And it’s not us.

The Times - Immobilismo triumphs - yet again, by Rosemary Righter
Italians, in a fit of fear and loathing, have decided to ensure Italy remains ungovernable

One reason I’m linking to this is because it’s the first time I’ve ever found anything that made me feel like I had the slightest, tenuous grasp of what’s going on over there.

No matter how strong the majority — and in Italy, which has endured 61 shifting government coalitions since the War, strong majorities are rare — that is no guarantee that the government can carry out its programme. Italy’s “perfect bicameralism” gives the Senate and Chamber of Deputies equal powers, with the result that laws bounce back and forward between the two for months or years on end. …

These extreme checks and balances reflect the determination, in 1948, to ensure that no leader could abuse power as Mussolini had done.

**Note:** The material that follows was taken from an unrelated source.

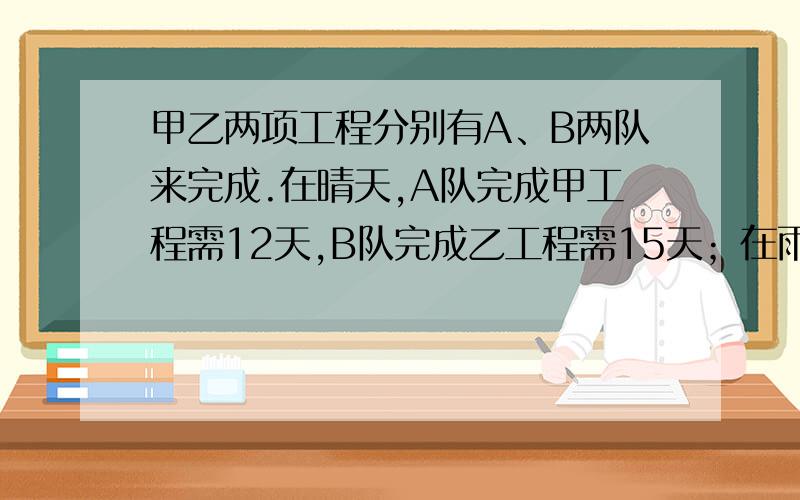 甲乙两项工程分别有A、B两队来完成.在晴天,A队完成甲工程需12天,B队完成乙工程需15天；在雨天,A队的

But they make Italy close to ungovernable. In essence, the Berlusconi reform would have given an Italian prime minister powers resembling those in Britain, changed the Senate into a regional body resembling the German Bundesrat, and clarified the relationship between the centre and the regions. Not exactly draconian; yet six out of ten voters gave it the thumbs down.

Why did they do it? No one has a good word for the way Italy is run, or rather not run. Everyone, from toddler to pensioner, shopkeeper to tycoon, pays a price for the near-impossibility of getting laws on to, or off, the statute books,–

They still managed to ban smoking, note.

– for the constant tussles between the centre and Italy’s power-hungry regions, and for the Byzantine complexity of a system designed to keep governments weak and unstable. Everyone pays, most people would add, except the amply remunerated politicians at the apex of a pyramid of patronage so vast that it pays the salaries of an unbelievable 450,000 Italians. The one universally popular item in the Berlusconi reform was the commitment to trim the exorbitant political bill by cutting membership in the lower house from 630 to 518 and removing 53 of the Senate’s 315 seats.